The list of things Canada has stolen from Newfoundland grows longer: fish, oil, sovereignty, hydroelectricity.
At least, that’s if you believe the unrelenting whining of Newfoundland patriots, who live in some sort of dream world where life would be better if, say, Danny Williams could have been Newfoundland prime minister rather than merely premier.
The Supreme Court of Canada’s 7-1 decision in favour of Hydro-Québec regarding the 1969 Upper Churchill contract was like tossing a bone to a lazy dog — it got the patriots’ jaws moving, if not their brains.
Yup, contract law evolved for centuries just so Newfoundland could be foiled again by evil Canadians and even more evil Québecers.
Don’t let go of that bone, even though the Supreme Court’s decision was foreseeable the moment the case was launched.
You don’t need to be a lawyer — in fact, all you need is to not be a Newfoundland patriot — to realize that dumbly signing a contract that turns out to be lopsided is not valid grounds for declaring said contract void.
Yet that is exactly what Churchill Falls (Labrador) Corp. wanted the Supreme Court to do.
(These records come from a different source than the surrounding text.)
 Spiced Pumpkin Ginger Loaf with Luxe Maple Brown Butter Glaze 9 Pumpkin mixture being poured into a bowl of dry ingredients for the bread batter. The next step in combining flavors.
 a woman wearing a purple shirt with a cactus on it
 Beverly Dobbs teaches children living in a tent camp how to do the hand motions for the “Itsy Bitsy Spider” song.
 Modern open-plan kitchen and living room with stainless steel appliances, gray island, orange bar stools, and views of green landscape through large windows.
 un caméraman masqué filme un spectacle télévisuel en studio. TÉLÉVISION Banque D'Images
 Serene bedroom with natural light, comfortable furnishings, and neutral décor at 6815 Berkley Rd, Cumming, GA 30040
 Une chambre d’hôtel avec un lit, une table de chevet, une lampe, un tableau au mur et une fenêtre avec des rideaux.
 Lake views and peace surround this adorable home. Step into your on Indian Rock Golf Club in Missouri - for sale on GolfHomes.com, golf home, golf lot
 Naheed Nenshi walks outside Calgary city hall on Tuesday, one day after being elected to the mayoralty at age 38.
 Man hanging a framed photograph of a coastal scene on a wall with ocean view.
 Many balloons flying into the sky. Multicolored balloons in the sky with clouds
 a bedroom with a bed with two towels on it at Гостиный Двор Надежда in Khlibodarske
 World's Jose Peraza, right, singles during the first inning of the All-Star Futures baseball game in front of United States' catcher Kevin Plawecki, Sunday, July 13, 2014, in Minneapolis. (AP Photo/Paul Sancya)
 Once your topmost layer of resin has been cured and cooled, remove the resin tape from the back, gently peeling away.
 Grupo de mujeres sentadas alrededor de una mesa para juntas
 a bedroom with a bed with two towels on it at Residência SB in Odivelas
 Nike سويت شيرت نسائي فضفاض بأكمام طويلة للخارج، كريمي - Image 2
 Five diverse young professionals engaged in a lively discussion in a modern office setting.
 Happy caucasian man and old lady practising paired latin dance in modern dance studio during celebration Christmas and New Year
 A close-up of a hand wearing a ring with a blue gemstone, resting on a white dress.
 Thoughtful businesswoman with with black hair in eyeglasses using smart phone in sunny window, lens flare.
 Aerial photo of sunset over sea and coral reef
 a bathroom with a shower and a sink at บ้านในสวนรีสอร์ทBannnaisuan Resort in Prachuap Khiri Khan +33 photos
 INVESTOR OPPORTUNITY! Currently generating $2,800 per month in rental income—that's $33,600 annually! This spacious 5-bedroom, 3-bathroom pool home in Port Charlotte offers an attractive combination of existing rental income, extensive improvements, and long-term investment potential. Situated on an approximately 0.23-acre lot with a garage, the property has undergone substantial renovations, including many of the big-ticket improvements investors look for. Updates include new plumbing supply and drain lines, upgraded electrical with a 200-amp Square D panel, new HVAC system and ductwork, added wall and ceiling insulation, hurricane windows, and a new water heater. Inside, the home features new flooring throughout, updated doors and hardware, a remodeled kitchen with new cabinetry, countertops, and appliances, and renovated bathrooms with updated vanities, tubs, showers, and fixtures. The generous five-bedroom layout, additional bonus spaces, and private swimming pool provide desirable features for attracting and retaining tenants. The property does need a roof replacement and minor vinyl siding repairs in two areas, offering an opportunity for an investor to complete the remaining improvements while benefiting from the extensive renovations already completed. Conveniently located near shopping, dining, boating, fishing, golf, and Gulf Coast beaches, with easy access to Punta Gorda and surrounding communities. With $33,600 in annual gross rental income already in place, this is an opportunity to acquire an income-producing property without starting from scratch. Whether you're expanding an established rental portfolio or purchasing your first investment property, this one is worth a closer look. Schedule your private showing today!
It’s like selling your house, and later discovering it has tripled in value, so you go to court seeking more money.
The bad news for the Newfoundland patriots is that things are even worse than envisioned by their terrible imaginings.
Canada has not wrecked Newfoundland.
Newfoundlanders have wrecked Newfoundland.
Newfoundlanders continue to wreck Newfoundland.
Clarify that: Newfoundlanders continue to elect politicians who carry on with the wrecking of Newfoundland.
Canada has not wrecked Newfoundland. Newfoundlanders have wrecked Newfoundland.
This is the single most important lesson to be learned from the Supreme Court’s ruling in favour of Hydro-Québec. It will be ignored, naturally.
How opportune for the baying Newfoundland patriots that the dissenting vote in the Supreme Court’s 7-1 decision came from the lone Newfoundlander on that esteemed bench, Malcolm Rowe.
How coincidental that Rowe, prior to getting into the judge business, was a prominent Liberal on his home isle, serving as secretary to then-premier Brian Tobin’s Liberal cabinet. That was the same party, you may recall, that wanted the Upper Churchill contract in 1969.
Rowe could have done his fellow Newfoundlanders — including the patriot crowd — a huge service by making the vote 8-0. Maybe a unanimous vote would kill the perpetual excuses and force Newfoundlanders to finally admit that their leaders circa 1969 made a big blunder. But the 7-1 vote ensures the whining will continue.
Exhibit No. 1: Premier Dwight Ball, faced with the fact of a lopsided loss, refused to rule out further court action. If nothing else, Newfoundland’s politicians know how to play to a gullible mob.
Appealing the case to the Supreme Court was a waste of $5.8 million of Newfoundland taxpayers’ money. Amend that: it was a waste of $7.3 million, because the court’s decision included an order that CF(L) Co. pay $1.5 million to Hydro-Québec for its legal costs.
Newfoundland politicians have extra leeway to blow millions of dollars on wasteful indulgences, because it’s a paltry price compared to $12.7 billion. (See: McKinsey and Co., ideas on economic diversity, $1-million contract for.)
It’s too bad Ball wasn’t in such a litigious mood back in 2015, when his Liberal party’s election victory happened at about the same time it was revealed that Astaldi Canada was significantly behind schedule in its construction of the Muskrat Falls dam.
That would have been an opportune time to lawyer up, cancel the ill-conceived hydro money pit and dare Astaldi Canada to go to court.
But back then, today’s legal warrior Dwight worried about the consequences of breaking contracts. Such irony.
The Astaldi Canada that in 2015 stoked such fear in the premier is, of course, the same Astaldi Canada that couldn’t meet the payroll of its workers at Muskrat Falls, and whose parent company in Italy is under creditor protection.